== Your goal ==
Without the pictures, restate all of the data below word for word.

== Given material ==
◇ ◇ ◇ ◇ ◇ ◇ ◇

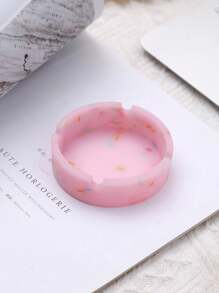 1入組矽膠創意夜光亞克力煙灰缸 - 粉色 - 查看 3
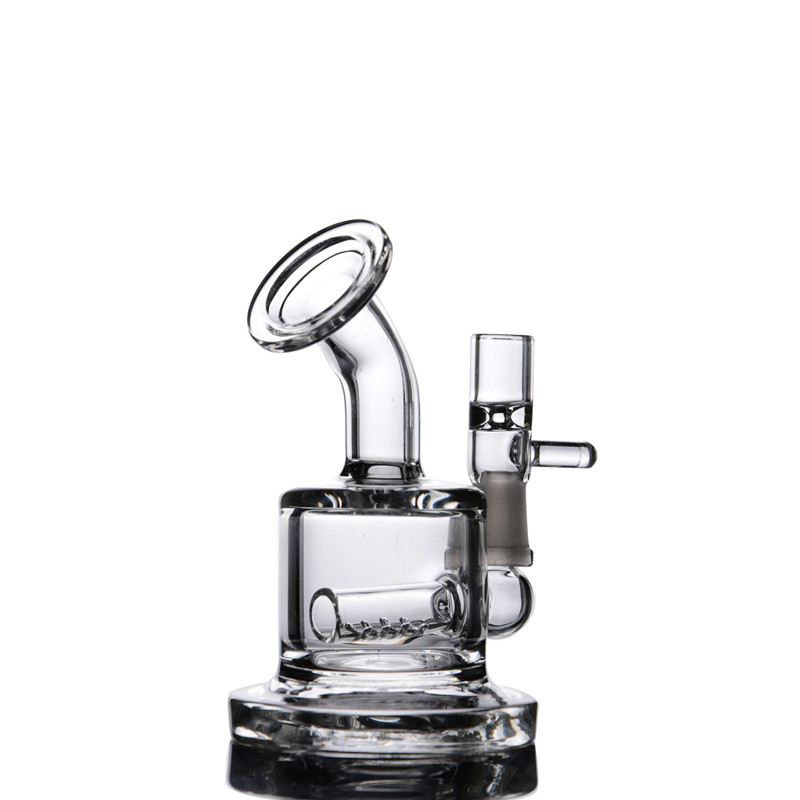 5.9 Inchs Small Mini Dab Rigs Hookahs Downstem Perc Thick Water Bongs Smoking Water Pipes Glass Oil Rig With 10mm Bowl
5.9 Inchs Small Mini Dab Rigs Hookahs Downstem Perc Thick Water Bongs Smoking Water Pipes Glass Oil Rig With 10mm Bowl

◇ ◇ ◇ ◇ ◇ ◇ ◇

== Response ==
 1入組矽膠創意夜光亞克力煙灰缸 - 粉色 - 查看 3
 5.9 Inchs Small Mini Dab Rigs Hookahs Downstem Perc Thick Water Bongs Smoking Water Pipes Glass Oil Rig With 10mm Bowl
5.9 Inchs Small Mini Dab Rigs Hookahs Downstem Perc Thick Water Bongs Smoking Water Pipes Glass Oil Rig With 10mm Bowl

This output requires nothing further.